* [What you should do] The answer is all of the data repeated exactly, with each picture omitted.

* [Given records]
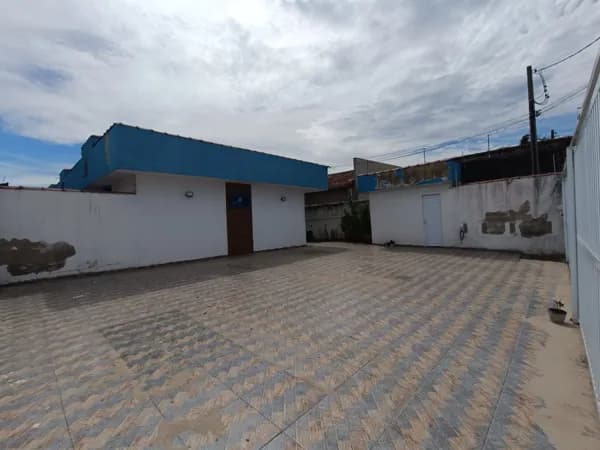 Casa em condomínio fechado, com 2 quartos, sendo 1 suíte, além de piscina e área gourmet privativas
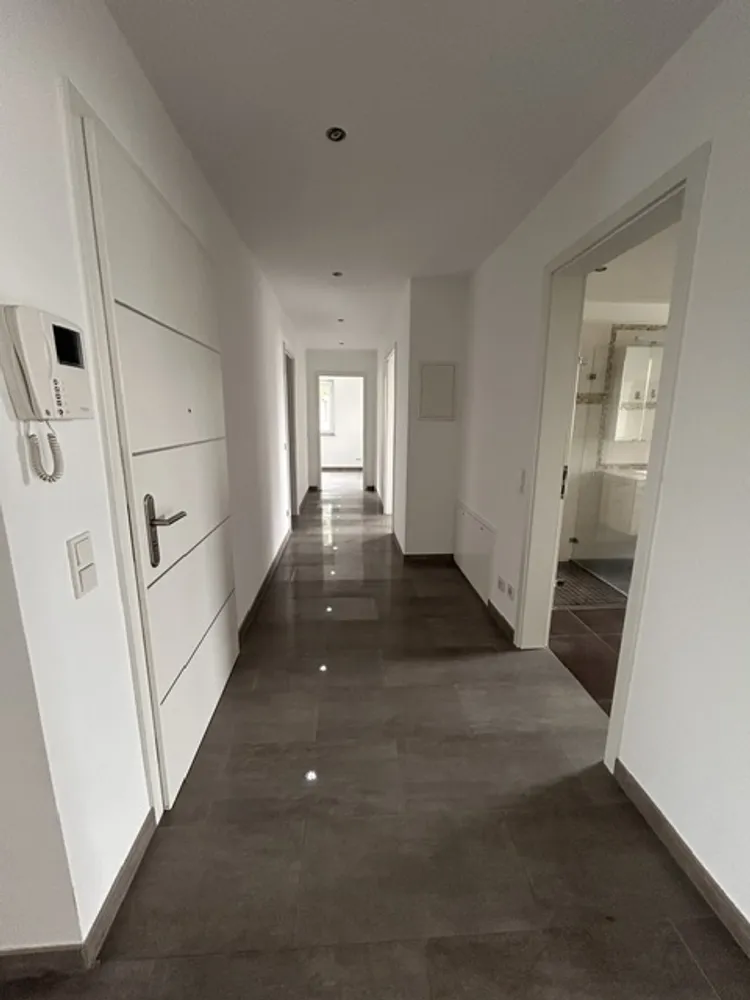 4 Zimmer Wohnung mit 131 m² in Wiesbaden – Bild 7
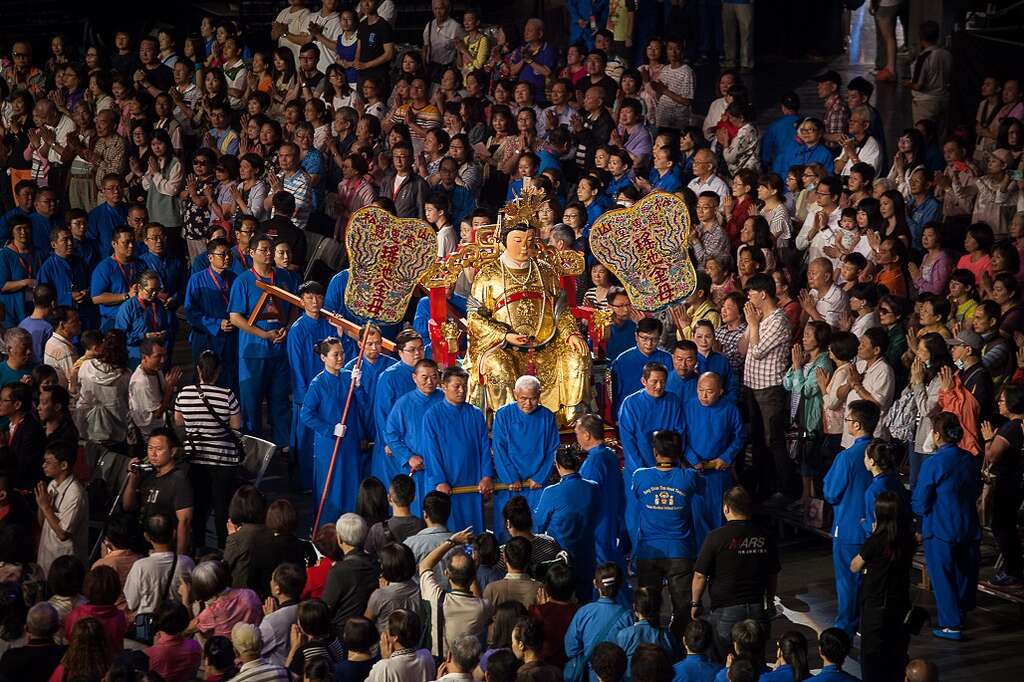 松山慈惠堂母娘繞境儀式，是由信眾扛著巨大的母娘神像，巡迴城市中。（圖／松山慈惠堂）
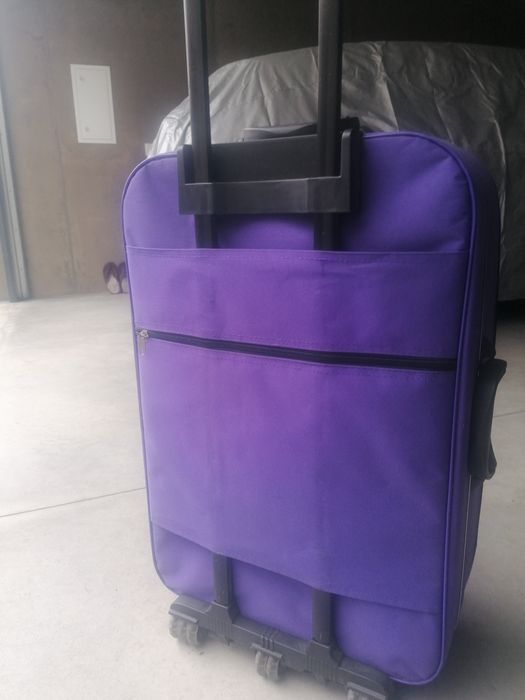 Vendo mala  de viagem mala frigorífica elétrica  e geladeira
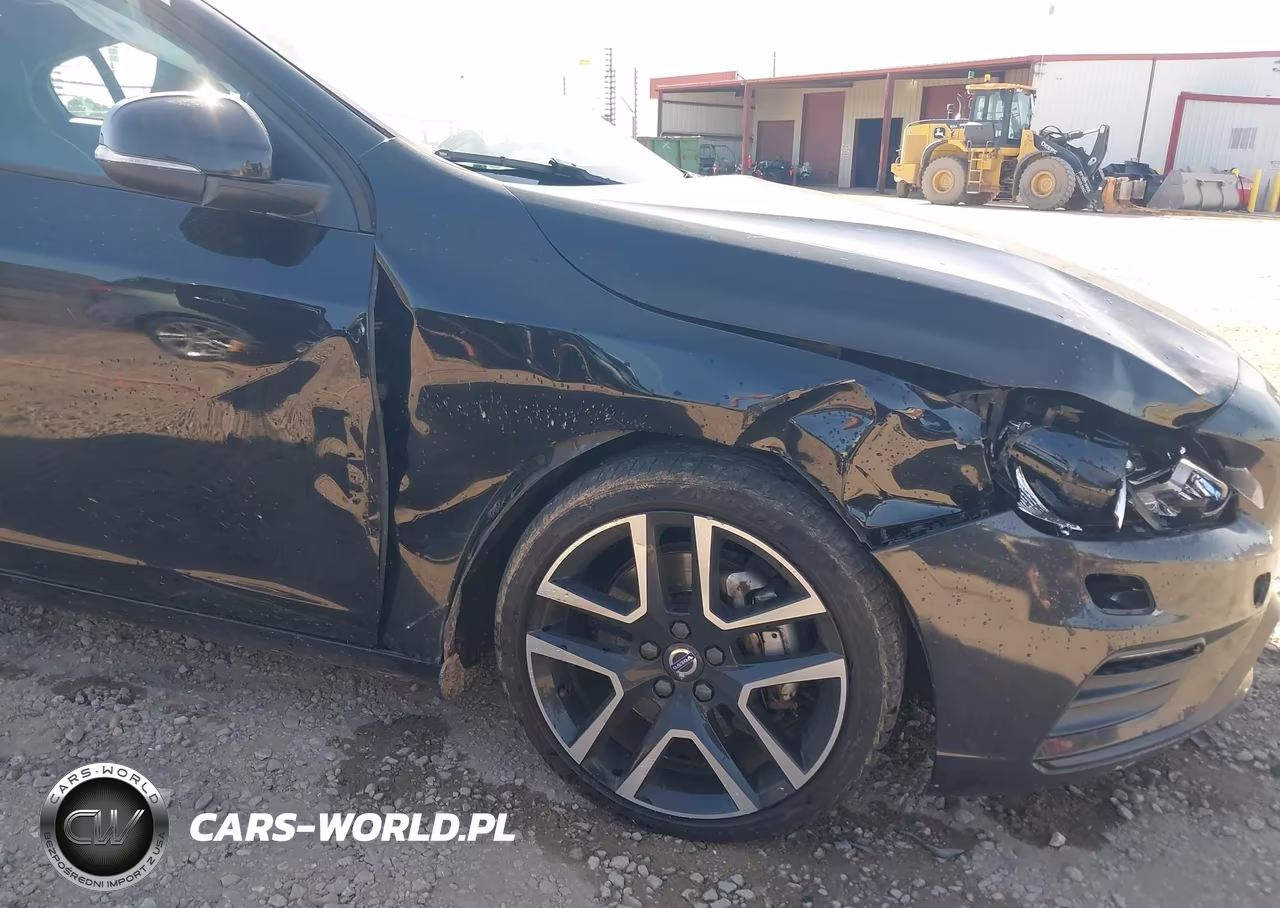2017 Volvo S60 T5 Dynamic VIN:YV140MTL8H2434322 - 6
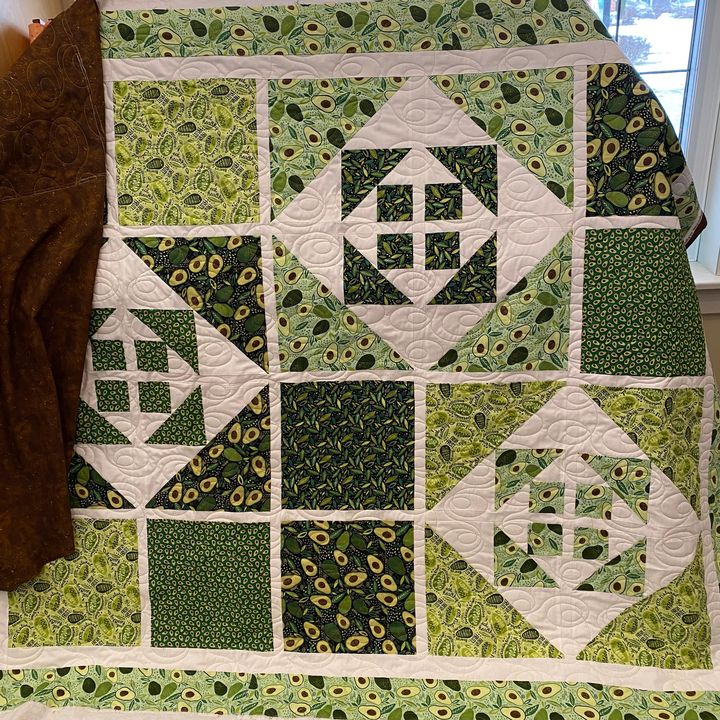 Celery Glide thread quilted Double Loops on this quilt. We stretched the pattern a bit and it looks like more avocados all over it.
#kqs #kawarthaquiltingandsewing #Gammillquilting #longarmquilting #glidethread #habanddash #hobbsbatting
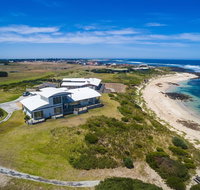 Wytonia Beachfront Accommodation - Holiday Cairns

* [Written answer]
 Casa em condomínio fechado, com 2 quartos, sendo 1 suíte, além de piscina e área gourmet privativas
 4 Zimmer Wohnung mit 131 m² in Wiesbaden – Bild 7
 松山慈惠堂母娘繞境儀式，是由信眾扛著巨大的母娘神像，巡迴城市中。（圖／松山慈惠堂）
 Vendo mala  de viagem mala frigorífica elétrica  e geladeira
2017 Volvo S60 T5 Dynamic VIN:YV140MTL8H2434322 - 6
 Celery Glide thread quilted Double Loops on this quilt. We stretched the pattern a bit and it looks like more avocados all over it.
#kqs #kawarthaquiltingandsewing #Gammillquilting #longarmquilting #glidethread #habanddash #hobbsbatting
 Wytonia Beachfront Accommodation - Holiday Cairns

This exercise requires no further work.